When utilizing the toughness damage progressive failure model in ABAQUS, it becomes imperative to ascertain the initial fracture strain and failure displacement parameters. The initial fracture strain was established as an equivalent plastic strain to characterize material damage. At the same time, the failure displacement served as a criterion for defining the ultimate failure of the material. Once these values were reached, the material stiffness underwent complete attenuation, which contributed to the removal of the affected unit. Both the initial fracture strain and failure displacement values were determined based on the material tests.

In the first stage of material stiffness degradation, the equivalent plastic strain was related to the unit characteristic size $\mathrm{L}$, and the relationship between the material failure displacement $\overline{\mathrm{u}}$ and the equivalent plastic strain $\overline{\mathsf{\epsilon }}$ is shown in Equation (6).

$$\dot{\overline{\mathrm{u}}}=\dot{\mathrm{L}\overline{\mathsf{\epsilon }}}$$

(6)

where $\dot{\overline{\mathrm{u}}}=0$ represents the beginning of the material damage; for $\dot{\overline{\mathrm{u}}}$ = $\dot{\mathrm{L}\overline{\mathsf{\epsilon }}}$ representing the material fracture, the cell feature size $\mathrm{L}$ depends on the cell geometry. However, for beams and trusses, the integration point size along the axis of the cell was adopted.

According to the previous test results, the initial damage equivalent to the plastic strain of the Q235B, Q355B, Q460D steel, and the 6061-T6 aluminum alloy included 0.23, 0.24, 0.25, and 0.14, respectively. The final failure and equivalent plastic strain of Q235B, Q355B, and Q460D steel involved 0.26, 0.31, and 0.31, respectively. The characteristic length of the mesh case model beam unit was 0.03 m, and the failure displacement of Q235B, Q355B, and Q460D were $9\times {10}^{-4}\mathrm{m}$, $2.1\times {10}^{-3}\mathrm{m}$, and $1.8\times {10}^{-3}\mathrm{m}$, respectively.

The 6061-T6 aluminum alloy was a brittle material, and its failure displacement can be determined according to the test results.

In this study, the numerical simulation of the mesh shell structure adopted the progressive failure model of toughness damage, and the values of the initial injury and final failure of the material were taken as described above.

4.2. Typical Examples: Comparative Analysis of Impact Dynamic Response of Q235B Steel and Q460D Steel Mesh Shells

Impact mass m = 100 × ${10}^3$ kg and impact velocity v = 90 m/s.

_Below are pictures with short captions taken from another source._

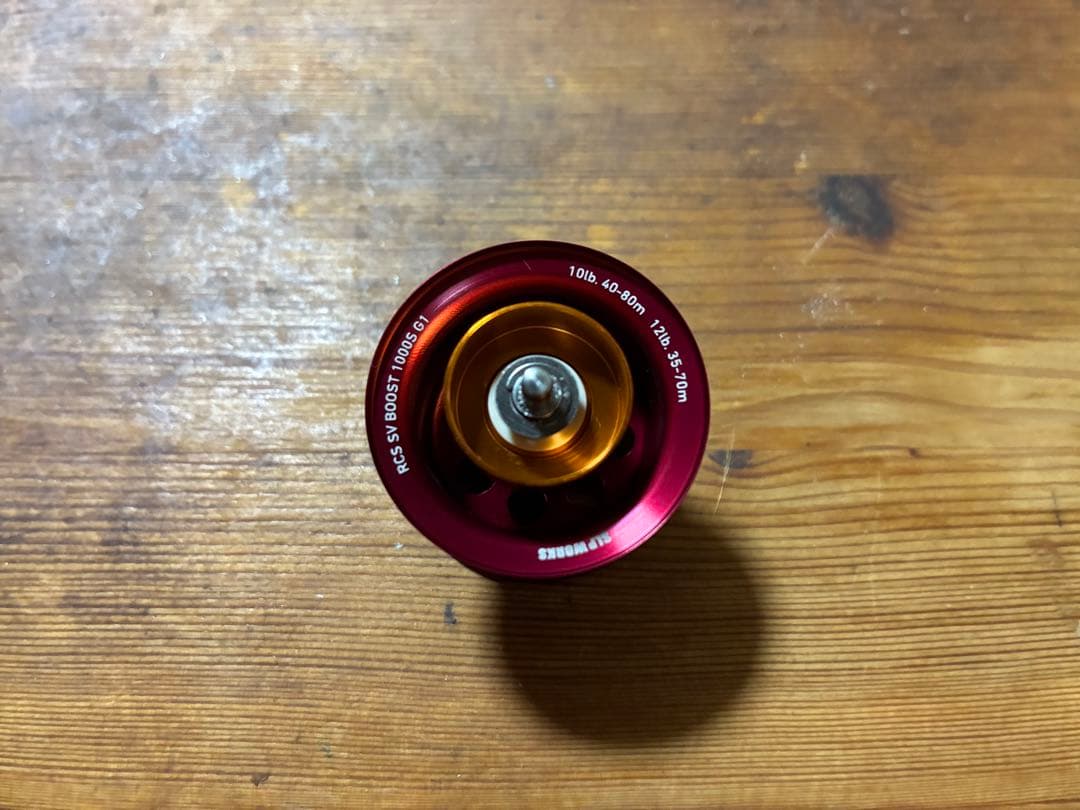 【タイムセール】ダイワSLPワークスSV BOOST 1000 S G1 レッド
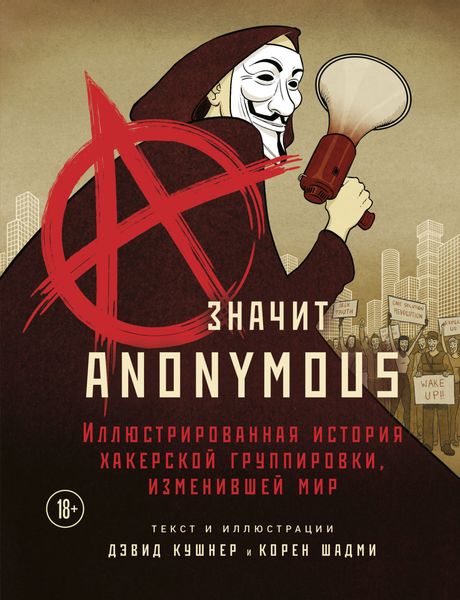 Обложка книги «A – значит Anonymous. Иллюстрированная история хакерской группировки, изменившей мир»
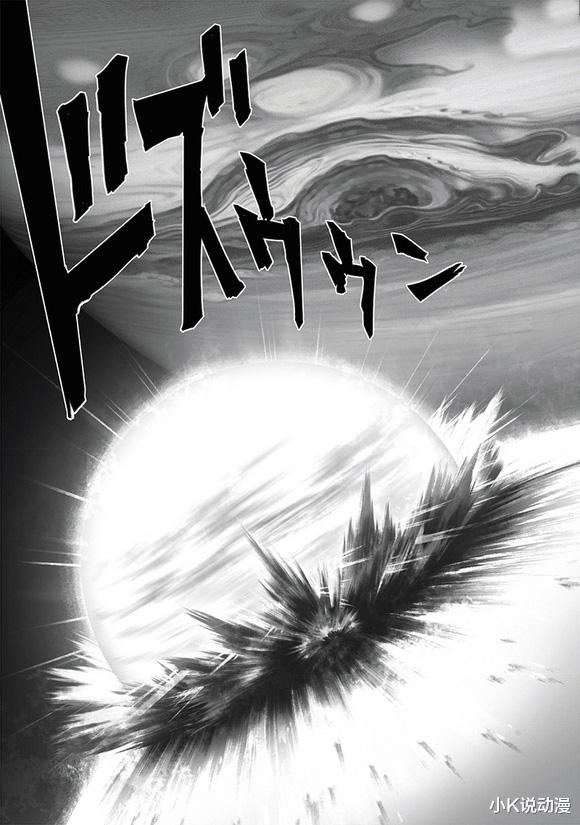 |(212话)埼玉被打吐血,这还是一拳超人吗?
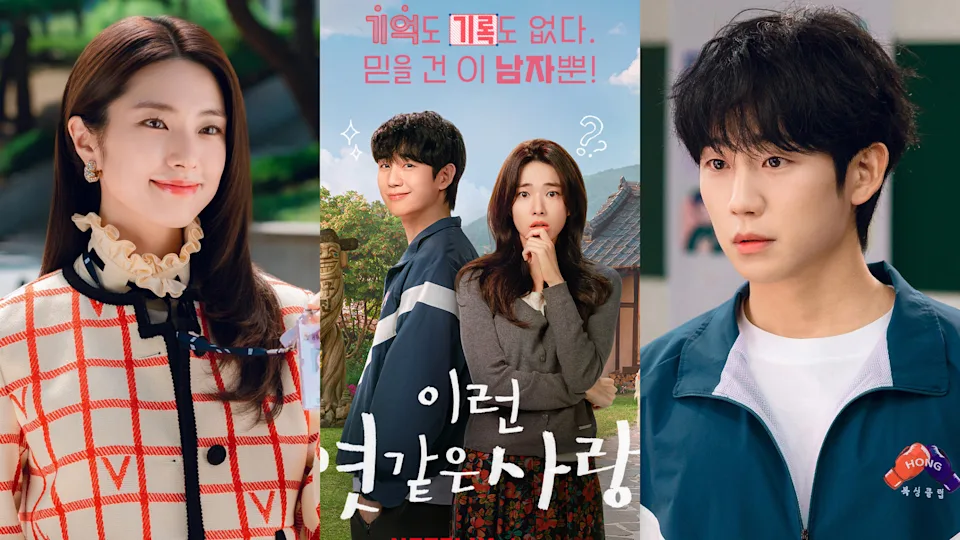 丁海寅、賀營首度合作！Netflix《我的荒糖戀愛》譜寫失憶與初戀交織的浪漫喜劇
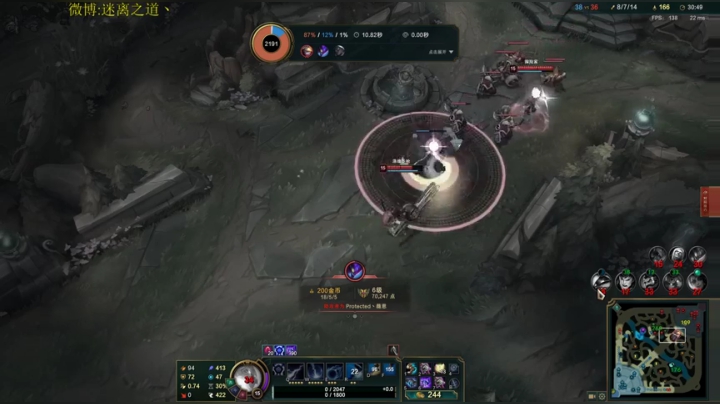 迷离劫：钻石局 2020-10-19 20点场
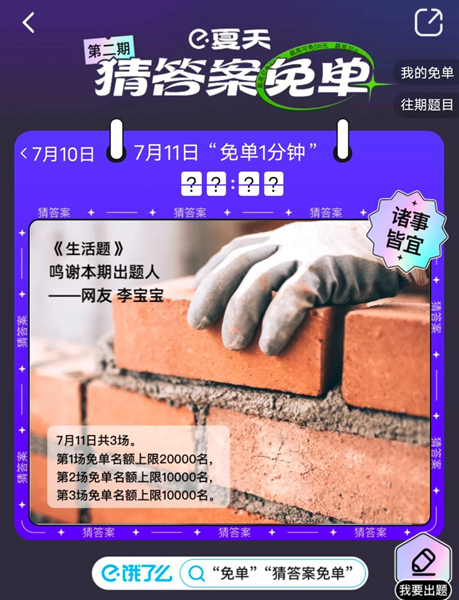 《饿了么》免单一分钟7.11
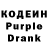 Codein напиток Lean (лин) ppfeniks yarga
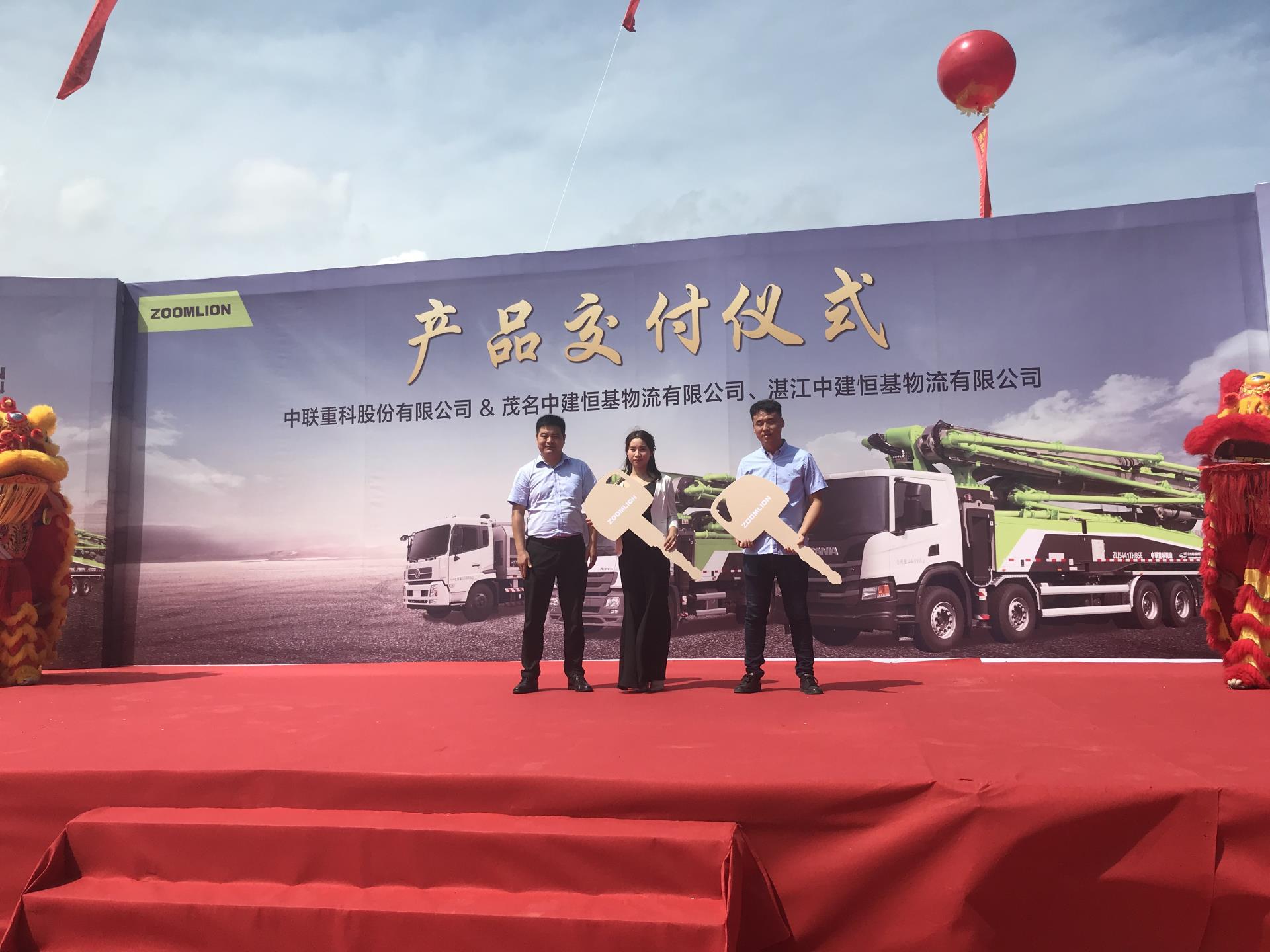 老子有钱lzyq88(中国)有限公司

Example 4-1 net shell adopted Q235B steel.

Example 4-2 mesh shell adopted Q460D steel.

4.2.1. Failure Mode

The deformation processes of the net shell and mesh shell in Examples 4-1 and 4-2 have been illustrated in Figure 12 and Figure 13, respectively. In Example 4-1, the impact broke through the net shell, leading to a continuous downward depression of the shell. The final number of depressions reached four, accompanied by localized instantaneous burst depression. In Example 4-2, the mesh shell underwent continuous expansion and depression following the impact that went through it. Ultimately, the number of depression rings stabilized at six, indicating an instant large-scale depression of the mesh shell.

4.2.2. Impact Action

Figure 14 and Figure 15 illustrate Examples 4-1 and 4-2, respectively. The impact force–time curve of both examples exhibited a peak at the moment of the impacts with the mesh shell. Example 4-1 reached an impact peak of 77.22103 kN, while Example 4-2 exhibited a higher impact peak of 81.13103 kN, indicating a more substantial impact effect in Example 4-2.

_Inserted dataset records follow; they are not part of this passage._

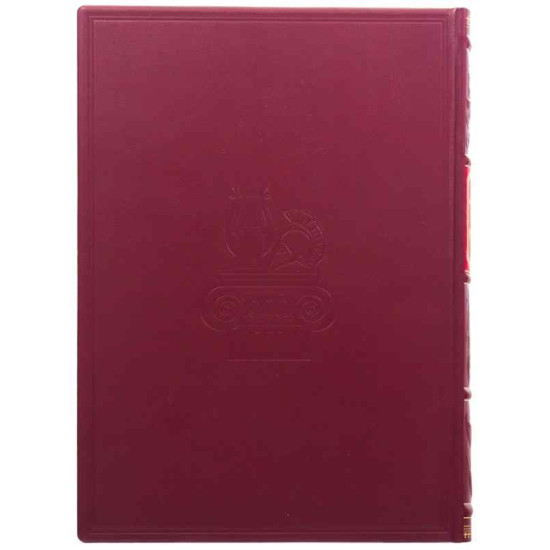 Подарункове видання "Енеїда" І. Котляревський з металевим позолоченим декором з емалями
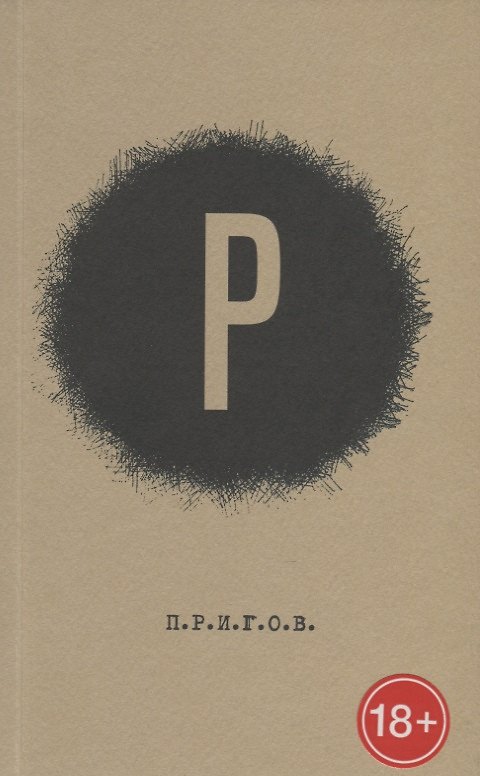 Книга Рутина. Рай. Рок. Родина. Разум. П.Р.И.Г.О.В. Малое стихотворное собрание. Том 2 (Дмитрий Пригов) — 1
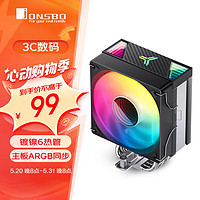 JONSBO 乔思伯 CR-1000 V2 Pro ARGB版 CPU风冷散热器(镀镍6热管/主板ARGB同步/PWM/多平台/附硅脂)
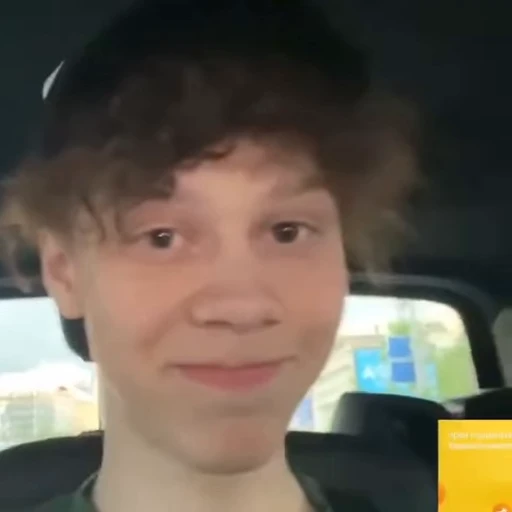 ☺️ Стикер «дилблин?..» для Telegram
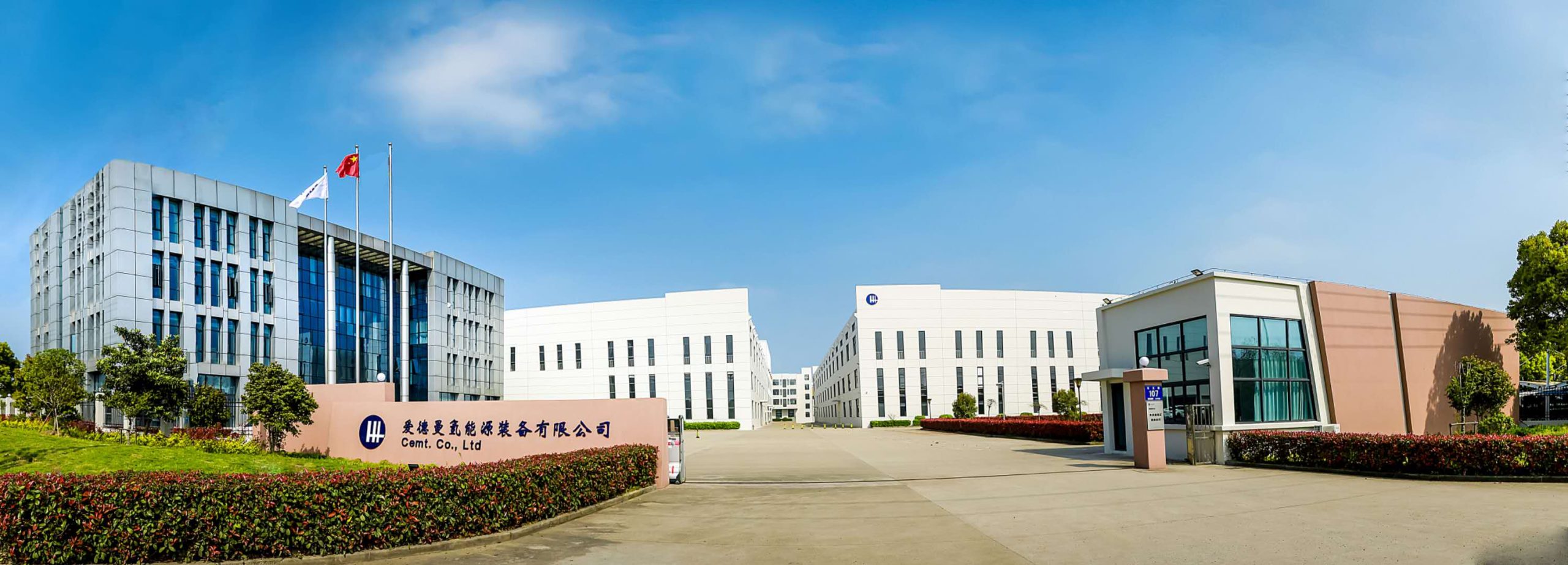 浙江企业服务器托管的最新趋势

The impact duration of Example 4-1 was 26 ms, while that of Example 4-2 was 94 ms. The impact duration of Example 4-2 was 3.61 times larger than that of Example 4-1. This difference can be attributed to the higher strength of Q460D steel applied in Example 4-2 compared to Q235B steel applied in Example 4-1. More impact energy was required to reach the failure state. Consequently, Example 4-2 experienced a longer and more substantial impact, resulting in more significant shell deformation, increased downward depression, and more severe damage.

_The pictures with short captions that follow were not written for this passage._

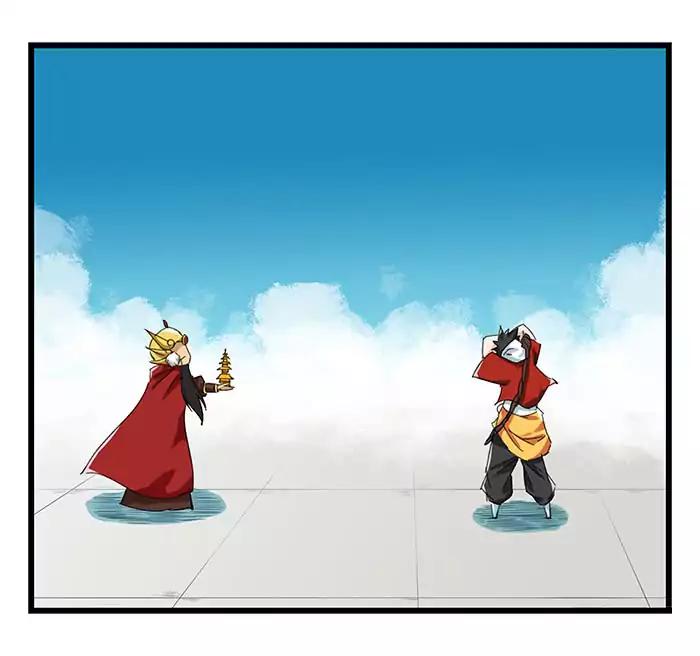 Tower into the Clouds Chapter 25 page 55 - Chapter 25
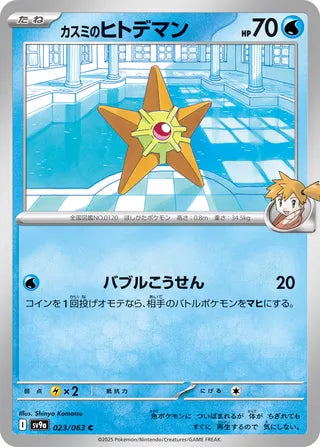 Misty's Staryu [JAPANESE]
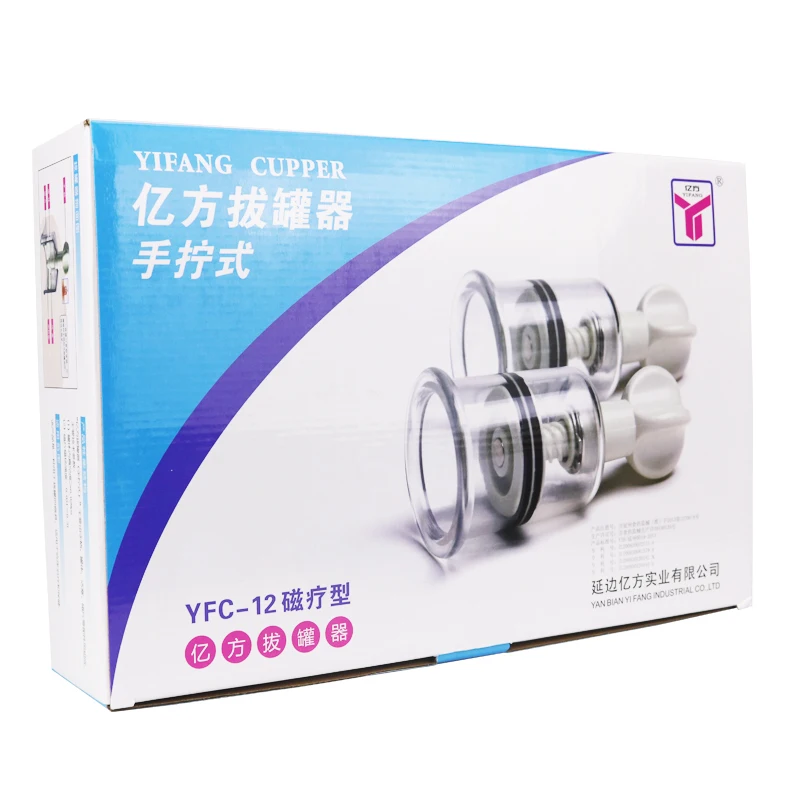 12 cans of household vacuum screw type hand tighten the rotary-type suction cupping set acupuncture massage 12 cans of household vacuum screw type hand tighten the rotary-type suction cupping set acupuncture massage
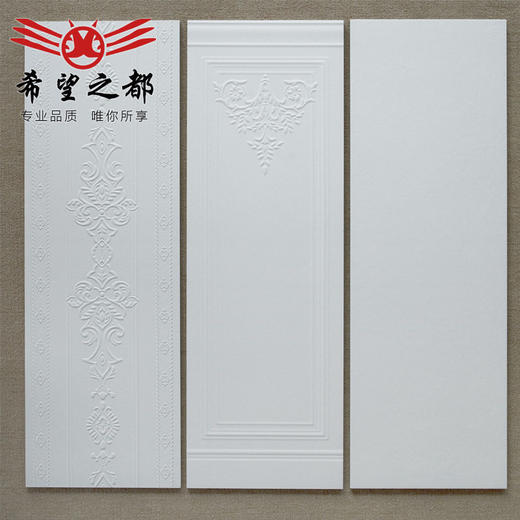 300x900mm法式艺术瓷砖卫生间浪漫厕所护墙板砖墙砖厨房浴室花砖 商品图3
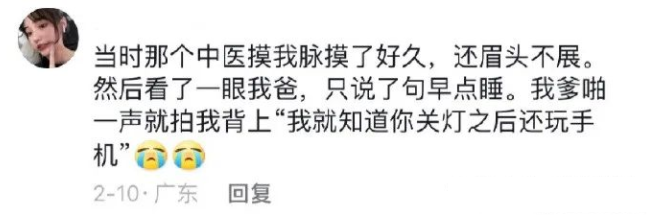 Word文档图片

4.2.3. Vertical Node Displacement and Vertical Speed

Figure 16 and Figure 17 depict the vertical displacement curves of Examples 4-1 and 4-2, respectively. In both examples, the impact object penetrated through the highest point of the mesh shells, causing the subordinate rods to deviate rapidly from the overall structure of the shell. Consequently, the vertical motion of Node 1, representing the shell vertex, did not reflect the overall movement trend of the mesh shell. Therefore, the study focused only on the vertical motion of Nodes 2–8. It is evident that, in both examples, the vertical displacement of each node increased sequentially in numerical order. There was a time difference between each node’s initiation of downward motion. This phenomenon indicated that the ring rods of the shell experienced plastic deformation in the vicinity of the impact area, starting from the rods closer to the impact area and extending further away. In Example 4-1, all nodes (from Node 2 to Node 8) reached their maximum displacement at 0.447 s. The maximum vertical displacements for each node can be as follows: 4.87 m, 3.33 m, 1.49 m, 0.22 m, 0.006 m, 0.004 m, and 0.007 m. Notably, only nodes 2, 3, and 4 exhibited significant displacements, which indicated that the impact affected only the first four rings of the shell. In Example 4-2, Nodes 2–8 reached peak displacements at 0.67 s. The maximum vertical displacements included the following: 9.91 m, 8.41 m, 6.63 m, 4.27 m, 1.72 m, 0.12 m, and 0.02 m. Notably, Nodes 2–6 demonstrated relatively pronounced displacements, and the number of depression rings in the shell amounts to six.

Figure 18 and Figure 19 illustrate the vertical velocity time course curves of the nodes in the two examples. Figure 18 and Figure 19 present that, in both examples, the vertical velocity of Node 2 in the mesh shell rapidly reached its peak at the moment of impact. In Example 4-1, the vertical velocity of Node 1 reached 63.43 m/s, while in Example 4-2, it reached 65.95 m/s, indicating a close similarity. Subsequently, the node velocity rapidly decreased, and the vertical velocity of each node gradually increased from zero. Upon reaching their respective peak velocities, the velocity curve of Node 1 approached an asymptote, with the velocity of each node continuously decreasing and gradually converging. Eventually, the velocities stabilized around zero. In Example 4-1, the vertical velocities of all nodes approached zero at approximately 0.45 s. In Example 4-2, the velocity decay of each node started around 0.7 s, which coincided with the maximum vertical displacement of the corresponding node.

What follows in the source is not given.